Mardi 11 septembre 1984 : à partir de ce soir, la chanteuse de « Débranche » s’installe pour un mois au Zénith.
Jour « J » pour France Gall. Pas question d’entrevoir le bout de son museau rose.
Elle ne sera là pour personne avant ce soir, avant que l’immense salle du Zenith vibre de cette frénésie qui l’habite déjà depuis des semaines et qu’elle va décharger devant 6.000 personnes dès l’ancre du grand vaisseau levée au rythme des guitares, des flashes et d’une musique qui balance fort, comme tout ce que compose Michel Berger, son mari, le compositeur de ses chansons et son fan numéro un.
Hier encore la petite Gall venait de boucler une matinée marathon avec une émission de radio de trois heures avant d’attaquer un après-midi haute tension de répétition qui allait l’amener jusqu’à minuit et demi.
« Je bagarre »
14 heures. Pardessus noir sur les épaules, écharpe et tennis rouges, France Gall surgit tel un elfe, monte quatre à quatre l’escalier de sa loge en duplex, extirpe consciencieusement de son sac un sachet de plastique contenant deux pommes et deux bananes – son déjeuner -, et, d’un geste solennel fait admirer son pied-à-terre pour un mois : « Entièrement décoré France Gall ! » précise-t-elle fièrement. Pour ne pas être dépaysée j’ai amené de chez moi les tapis, les fauteuils, la plante verte et l’inévitable affiche de Mistinguett porte-bonheur.
Puis, telle une petite fille imitant sa maman – sous les spots on jurerait qu’elle va encore chanter « Bébé requin » – elle s’assied face au miroir : « Bon ! Qu’est-ce que je vais bien pouvoir mettre aujourd’hui, chantonne-t-elle ingénument.

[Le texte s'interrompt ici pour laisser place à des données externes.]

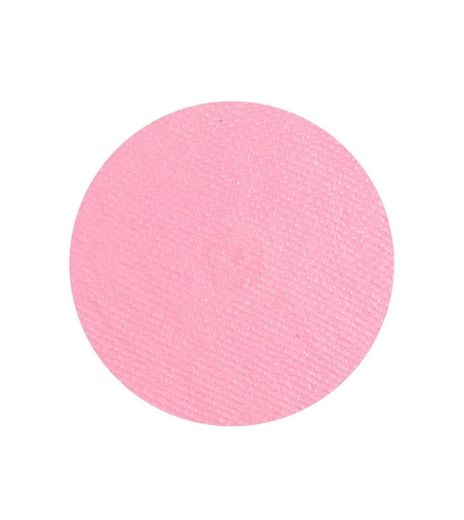 Aquacolor metalizado para Rostro y Cuerpo - 062: Baby Pink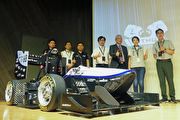[U-EV]NTHU Racing清大賽車工廠全新第7代電動賽車登場，首搭無人駕駛技術，最大馬力達107.3匹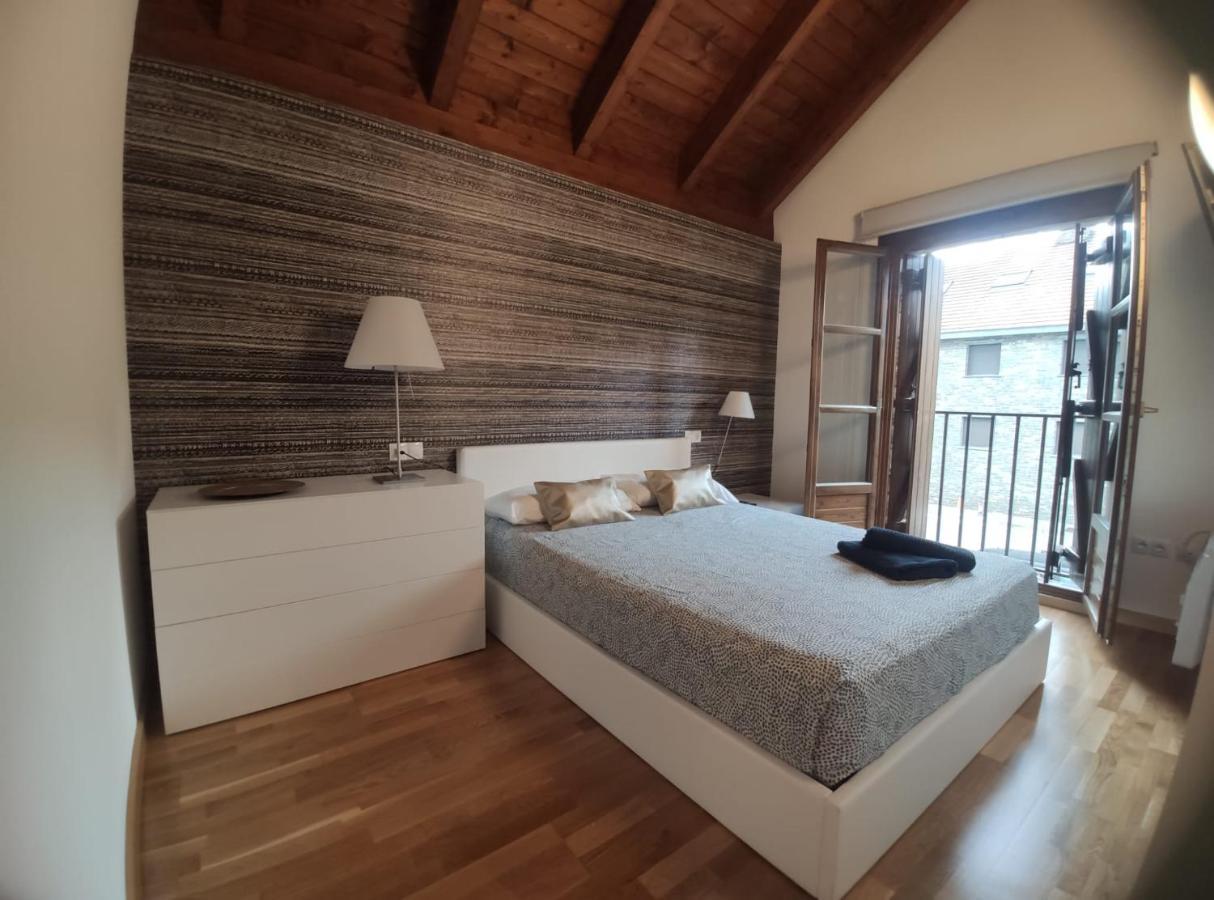 Villa Casa Orbil Villanúa Esterno foto
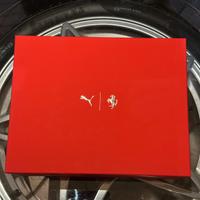 scarpe ferrari x puma edizione limitata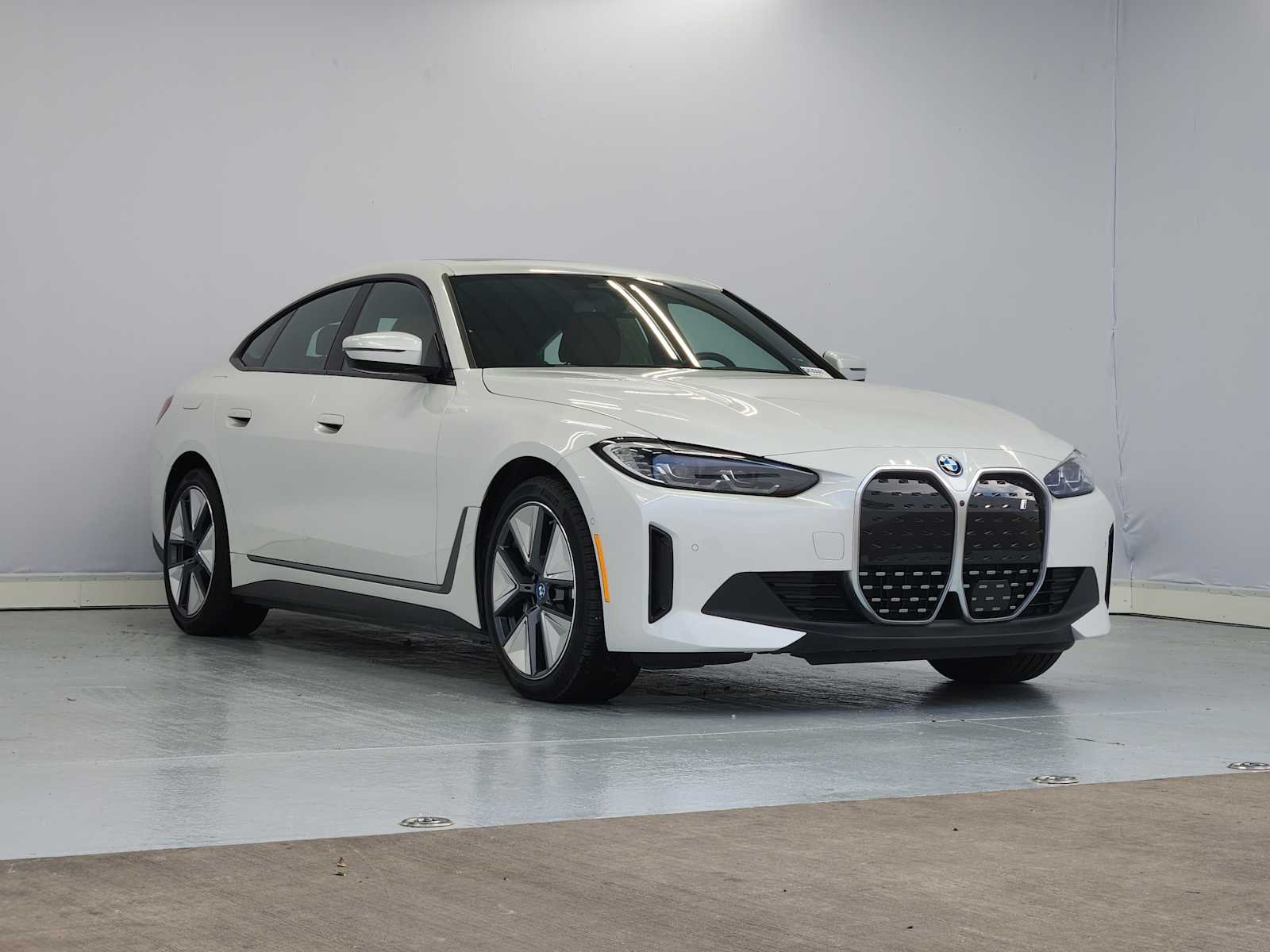 Used 2023 BMW i4 35 with VIN WBY43AW02PFP53072 for sale in Plano, TX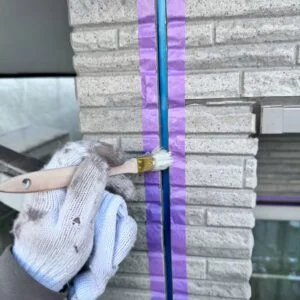 プライマー塗布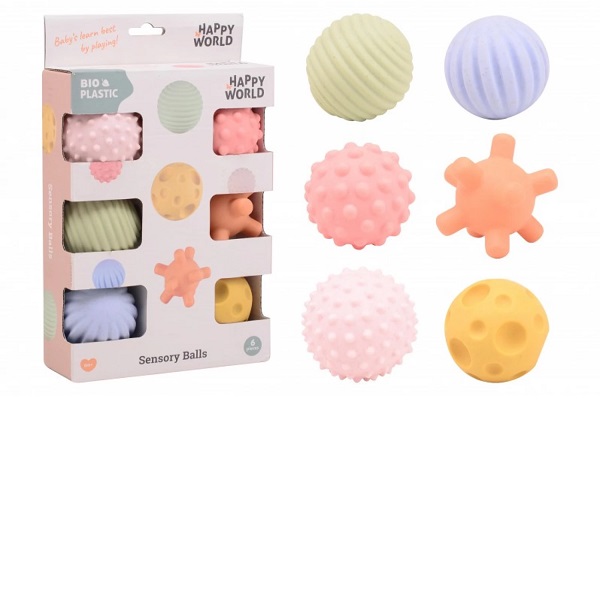 HAPPY WORLD BIO PLASTIC EDU.LOPTICE 53935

Tiens, pourquoi pas du violet ? … »
Son maquillage de scène, c’est elle qui en décide aux caprices de l’humeur.
France rit, se poudre le nez et commente, pince-sans-rire : « Heureusement que j’ai autour de moi des gens qui me connaissent. Le plus difficile c’est de préserver mon identité. Chacun me perçoit à sa manière et il faut toujours que je bagarre pour n’en faire qu’à ma tête.
« L’autre jour, je suis allée poser pour un magazine de mode. Quand j’ai vu ce qu’on voulait me faire enfiler, je suis tombée à la renverse. Des robes pailletées roses et noires, moi qui n’aime que les pantalons et les casquettes. C’est comme la danse dans mon spectacle. Personne ne voulait comprendre qu’il ne s’agissait pas de monter de vrais numéros classiques mais d’accompagner la musique avec des clins d’œil et du rythme. Résultat : en un mois j’ai changé quatre fois de chorégraphe : ce spectacle, c’est mon spectacle. »
Quand elle dit qu’elle aime les choses qui bougent, la petite Gall, elle ne badine pas ! C’est comme lorsqu’elle chante « Débranche » (sous-entendu les machines qu’elle déteste) : ce n’est pas une plaisanterie.
Infatigable, elle croque vaillamment dans une pomme et réembraie aussi sec : « Quand je pense que j’ai raté le poisson en papillote d’Annie. Annie, c’est ma cuisinière, I ‘ex-cuisinière de Coluche. Autant dire une championne. Mais elle est végétarienne car elle peut prendre un kilo rien qu’en regardant un carré de chocolat. Alors, pour compenser, elle cuisine sur patins à roulettes
Le suspense
Sur le divan des costumes, unis, à rayures, à damiers dans les tons gris et jaune ou rose shocking attendent en vrac l’heure fatidique. « Ce ne sont pas les miens », prévient-elle, mystérieuse.
Jusqu’au dernier moment elle gardera le suspense. Au grand dam des photographes venus à la répétition pour la surprendre dans son habit de lumière. La seule chose qu’elle daigne confier : « Ne vous attendez pas à me voir en robe, c’est pas mon genre. »
15 heures. France Gall monte sur l’immense scène du Zénith, l’arpente, vérifie les lumières, le micro, donne un conseil à un chanteur et se plante au centre, main en visière sur son regard pointé en direction de Michel Berger « OK ? Noir dans la salle ! »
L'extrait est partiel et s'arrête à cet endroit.